Copy out the data in full and exactly, passing over the pictures.

##### Recorded information #####

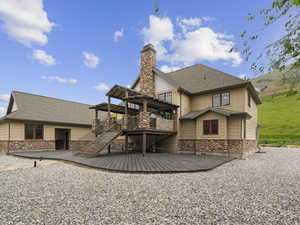 Rear view of property featuring a wooden deck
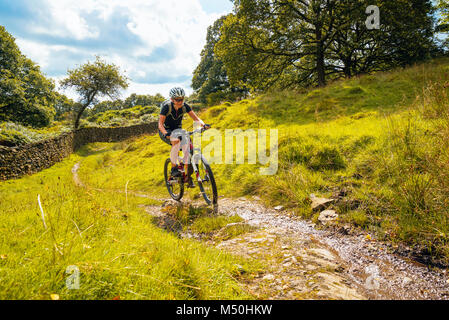 Female mountain biker on trail near Winster in the English Lake District Stock Photo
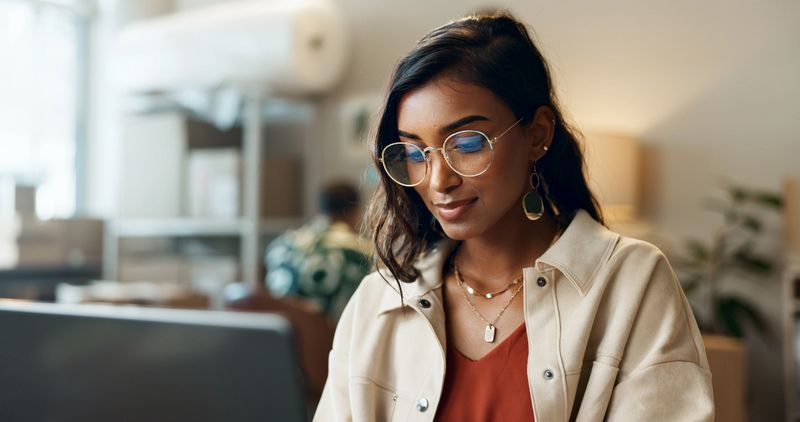 Ecommerce, woman and typing on laptop at work for research, feedback and supply chain for business. Indian, person and planning on pc for logistics, stock administration or package distribution data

#####

_Result of the task_
 Rear view of property featuring a wooden deck
 Female mountain biker on trail near Winster in the English Lake District Stock Photo
 Ecommerce, woman and typing on laptop at work for research, feedback and supply chain for business. Indian, person and planning on pc for logistics, stock administration or package distribution data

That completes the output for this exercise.